* [TASK INSTRUCTIONS]: Leave the pictures out, and repeat exactly every line from the one with "Corner table" through the end of the data below.

* [RECORDS TO PROCESS]:
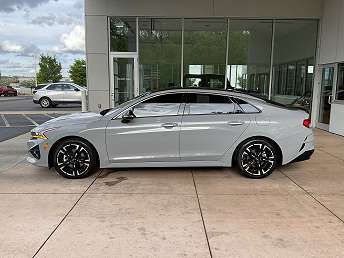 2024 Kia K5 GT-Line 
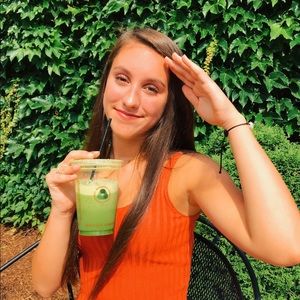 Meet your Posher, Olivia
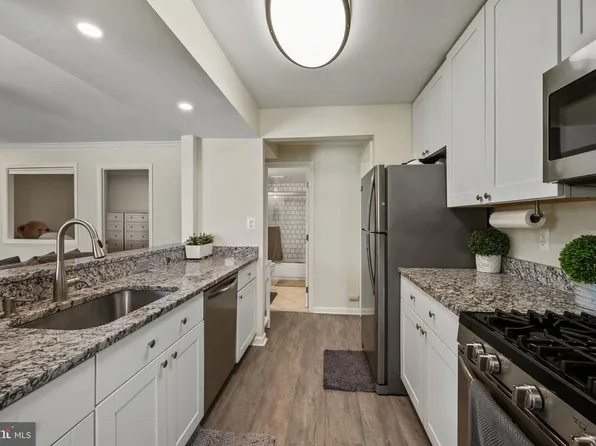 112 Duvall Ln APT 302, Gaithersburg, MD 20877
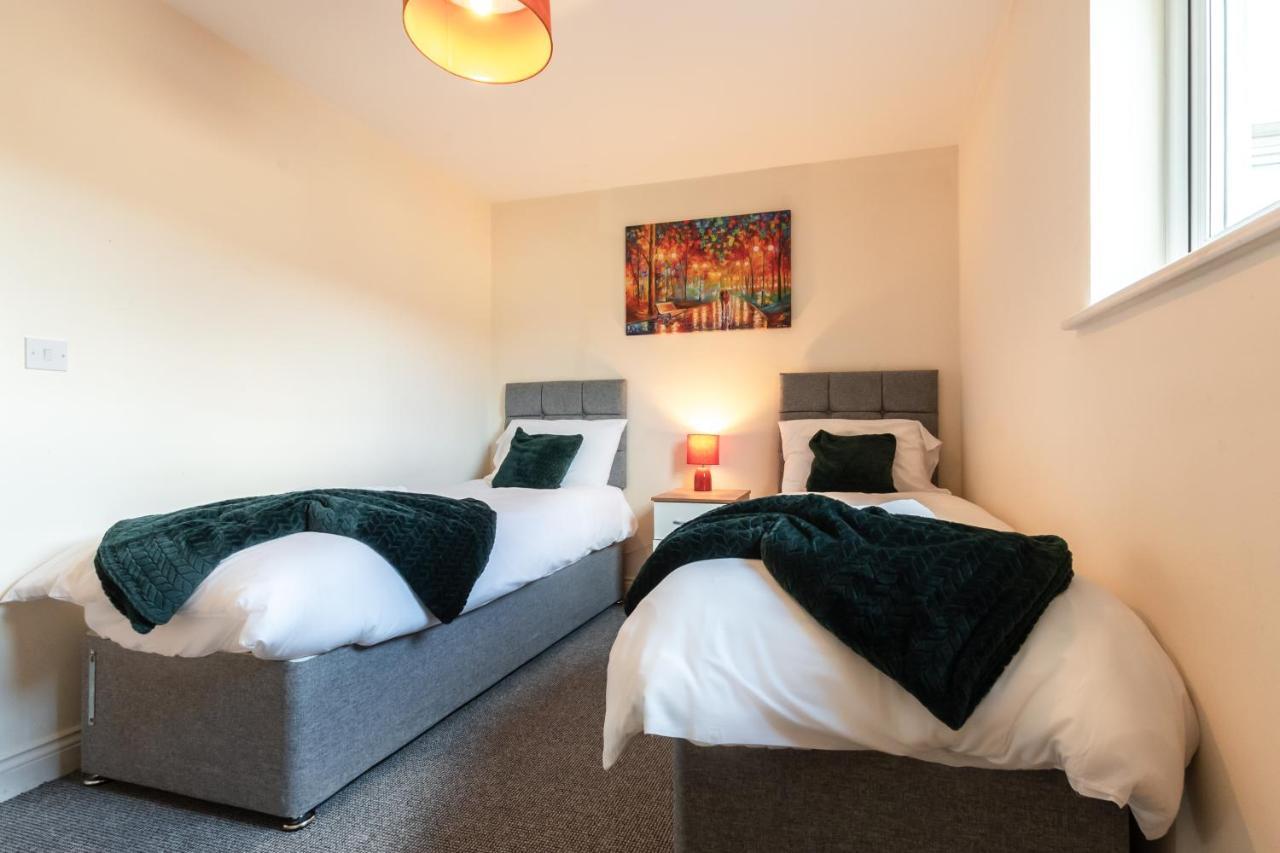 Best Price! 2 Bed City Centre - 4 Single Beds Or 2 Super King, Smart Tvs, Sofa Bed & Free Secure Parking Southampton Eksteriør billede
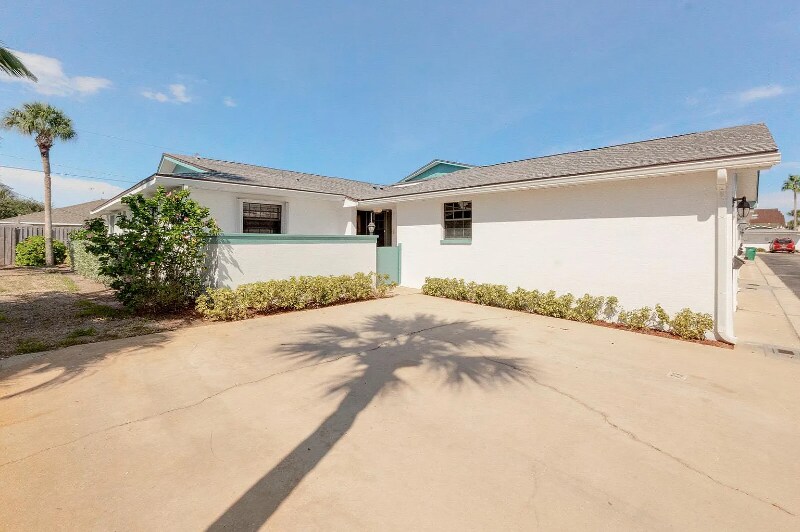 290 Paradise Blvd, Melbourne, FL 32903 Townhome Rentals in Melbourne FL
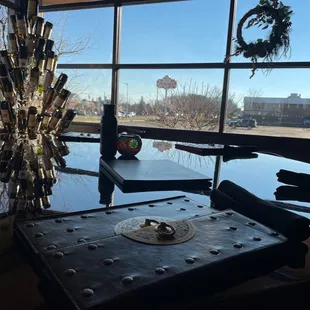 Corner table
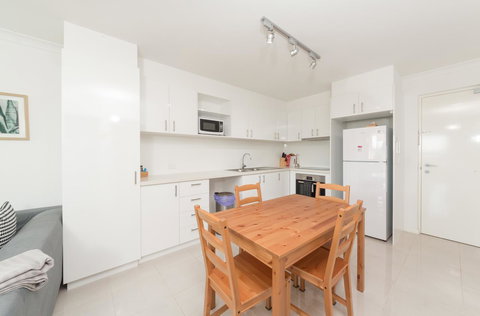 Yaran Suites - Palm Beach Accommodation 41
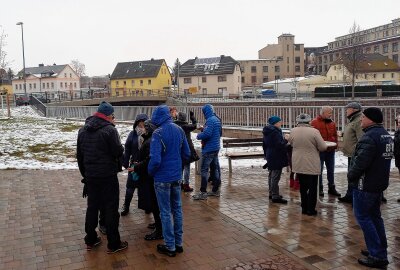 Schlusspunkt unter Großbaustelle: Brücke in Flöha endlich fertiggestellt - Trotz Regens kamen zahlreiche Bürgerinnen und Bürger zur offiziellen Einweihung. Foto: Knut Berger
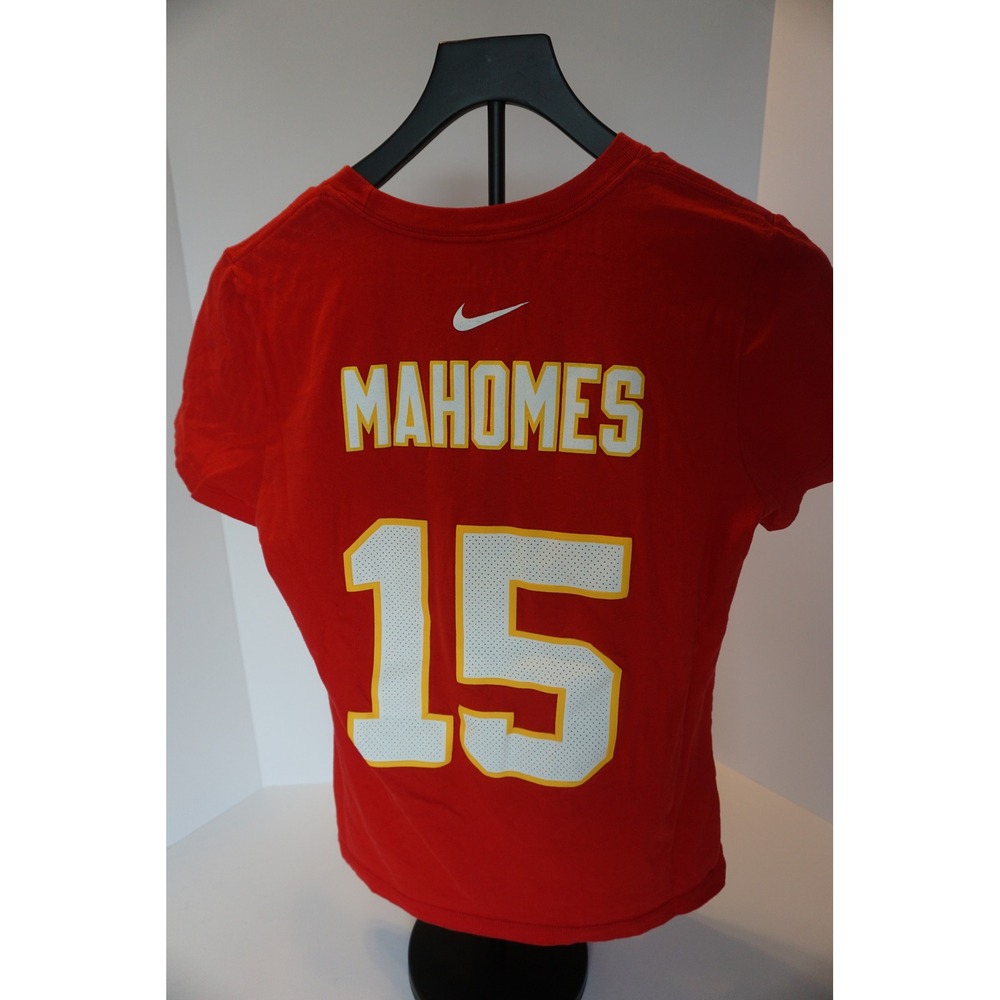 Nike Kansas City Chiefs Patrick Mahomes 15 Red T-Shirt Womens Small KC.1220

* [WRITTEN SOLUTION]:
 Corner table
 Yaran Suites - Palm Beach Accommodation 41
 Schlusspunkt unter Großbaustelle: Brücke in Flöha endlich fertiggestellt - Trotz Regens kamen zahlreiche Bürgerinnen und Bürger zur offiziellen Einweihung. Foto: Knut Berger
 Nike Kansas City Chiefs Patrick Mahomes 15 Red T-Shirt Womens Small KC.1220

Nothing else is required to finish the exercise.